Cinq idées reçues sur le lactate à oublier (définitivement)

Depuis des années, le lactate – que l’on confond souvent avec l’acide lactique – est accusé de tous les maux du coureur. Fatigue, courbatures, acidité musculaire… On l’a longtemps considéré comme un déchet toxique qu’il fallait à tout prix éliminer. Problème : la science a évolué, mais les croyances ont la vie dure.

Voici un petit tour d’horizon des idées reçues qui mériteraient de passer… à la corbeille. 

  • Le lactate provoque les courbatures 

Faux, et même archi-faux. 
C’est sans doute l’idée reçue la plus tenace. Pourtant, le lien entre lactate et courbatures est un mythe largement démonté. Les fameuses douleurs qui apparaissent un ou deux jours après un entraînement soutenu ne sont pas liées à une accumulation de lactate, mais à de microlésions musculaires, souvent dues à des contractions excentriques (comme lors des descentes ou des freinages musculaires). 

Le lactate, lui, est évacué en quelques heures après l'effort. Si vous avez les jambes en béton deux jours après un trail, ce n’est donc pas lui le responsable. 

  • Il faut éliminer le lactate après l’effort 

Encore une idée reçue bien ancrée. 
On entend souvent qu’il faudrait « drainer » ou « nettoyer » l’acide lactique après une séance difficile. C’est oublier une chose essentielle : le lactate est une ressource, pas un poison. C’est une molécule que votre corps sait recycler pour produire de l’énergie. Il est utilisé par les fibres musculaires de type I (les lentes) mais aussi par le cœur, et peut être reconverti en glucose par le foie via le cycle de Cori. 

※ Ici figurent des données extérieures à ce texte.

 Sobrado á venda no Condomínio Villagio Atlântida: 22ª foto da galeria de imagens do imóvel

Moralité : inutile de chercher à le « purger ». Il vaut mieux apprendre à l’utiliser. 

  •  Certains compléments permettent de le neutraliser 

Méfiance devant les promesses marketing. 
On voit fleurir des produits vantant leur capacité à « neutraliser l’acide lactique » ou à « éviter son accumulation ». Mais la réalité est un peu moins sympa : ce n’est pas tant le lactate qui pose problème, mais notre capacité à le gérer, à le recycler, à l’utiliser intelligemment. 

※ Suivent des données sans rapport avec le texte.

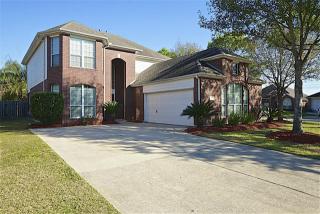 17002 Willow Ranch Dr, Houston TX  77095-5460 exterior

Et ça, aucun complément ne peut le faire à votre place. Seul l’entraînement structuré, adapté et progressif, permet d’améliorer cette compétence métabolique. Les compléments peuvent avoir un intérêt ponctuel, mais ils ne remplaceront jamais la base physiologique. 

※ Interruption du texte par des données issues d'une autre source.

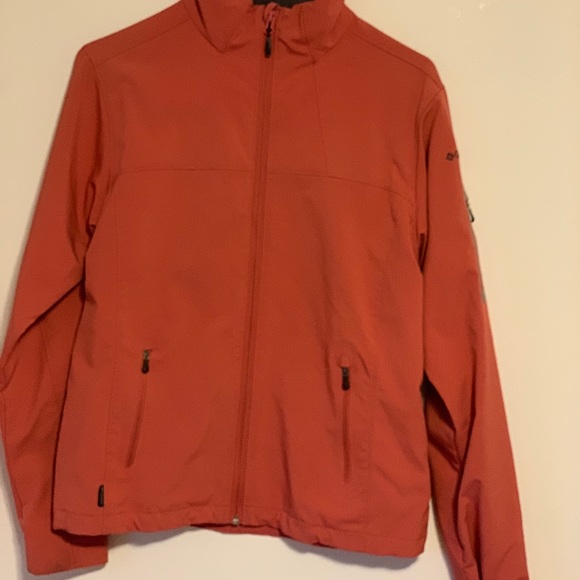 COLUMBIA JACKET - Picture 3 of 6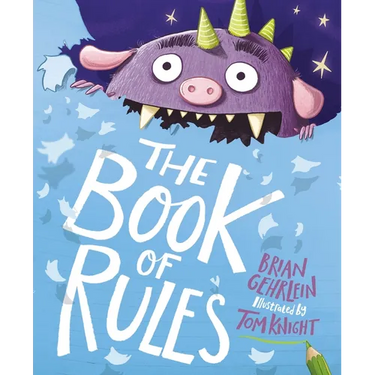 The Book of Rules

  • Plus on produit de lactate, plus on est fatigué 

Pas forcément. 
Ce raisonnement repose sur une lecture un peu trop linéaire du fonctionnement musculaire. Il est vrai qu’à haute intensité, la production de lactate augmente. Mais un coureur entraîné est capable de produire beaucoup de lactate… et de le recycler rapidement, ce qui lui permet de soutenir un effort intense sur la durée. 

Un athlète élite peut même produire plus de lactate qu’un amateur lors d’un 10 km… tout en terminant avec une sensation de fraîcheur relative, car son organisme est rodé à le traiter efficacement. Ce n’est donc pas la production de lactate qui fatigue, mais l’incapacité à l’éliminer ou à le convertir rapidement en énergie. 

  • Le lactate acidifie les muscles 

Une confusion fréquente mais scientifiquement erronée. 
Contrairement à ce que l’on croit encore parfois, ce n’est pas le lactate qui provoque l’acidité musculaire. Lors d’un effort très intense, ce sont les ions H+ – libérés lors de la glycolyse anaérobie (la dégradation du glucose en l’absence d’oxygène) – qui font baisser le pH musculaire, provoquant cette fameuse sensation de brûlure. 

Le lactate est en fait un produit parallèle, pas le coupable. Il accompagne ces ions H+ mais ne les génère pas. Certains chercheurs estiment même qu’il pourrait faciliter leur sortie hors des cellules, ralentissant ainsi l’acidification. Une sorte de « coéquipier » biochimique, en somme. 

Bonus : et le cerveau dans tout ça ? 

La fatigue musculaire ne se résume pas à une simple histoire de lactate ou d’acidité. Le système nerveux central joue également un rôle clé. Lors d’un effort prolongé, le cerveau peut volontairement limiter l’activation musculaire pour éviter une surcharge excessive – un mécanisme protecteur parfois appelé « gouverneur central ». On en reparlera dans un prochain épisode… 

💡 En résumé : le lactate est un carburant, pas un déchet. Un indicateur de progression, pas un signal d’alarme. Et surtout, une ressource précieuse pour tout coureur qui souhaite performer durablement. Il est temps de réhabiliter cette molécule mal comprise, et de l’inviter à la table des alliés de l’entraînement.